ACTIVITY | What you return must match the listing exactly, with every image removed.

****************

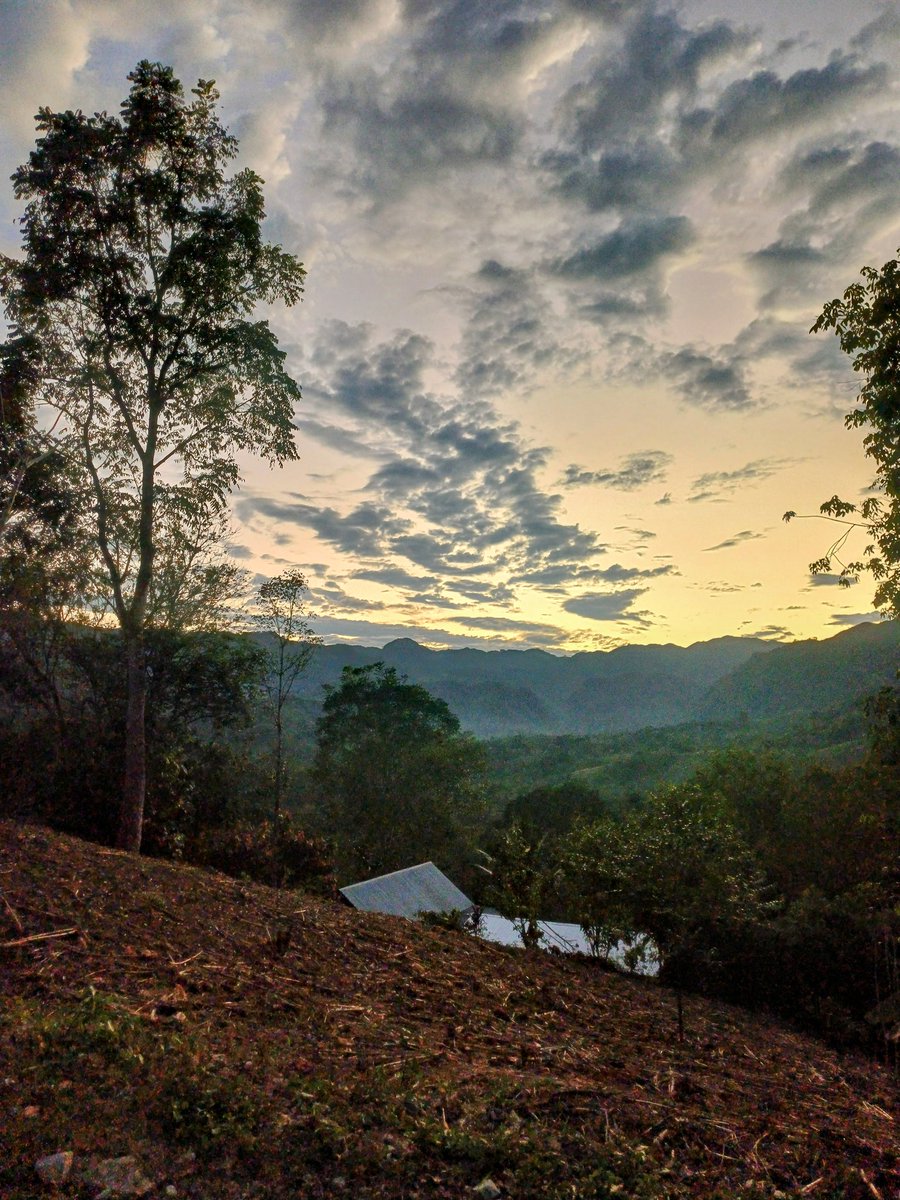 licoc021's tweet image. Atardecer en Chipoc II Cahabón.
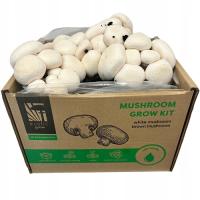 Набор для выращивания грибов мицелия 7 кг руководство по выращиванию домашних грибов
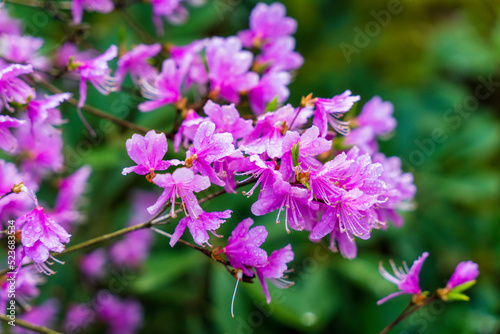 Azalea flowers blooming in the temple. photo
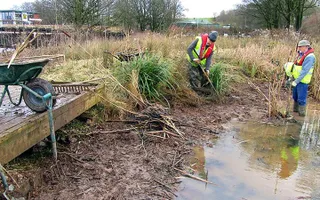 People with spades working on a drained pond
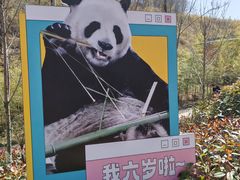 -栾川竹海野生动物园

****************

EXPECTED ANSWER |
 licoc021's tweet image. Atardecer en Chipoc II Cahabón.
 Набор для выращивания грибов мицелия 7 кг руководство по выращиванию домашних грибов
 Azalea flowers blooming in the temple. photo
 People with spades working on a drained pond
 -栾川竹海野生动物园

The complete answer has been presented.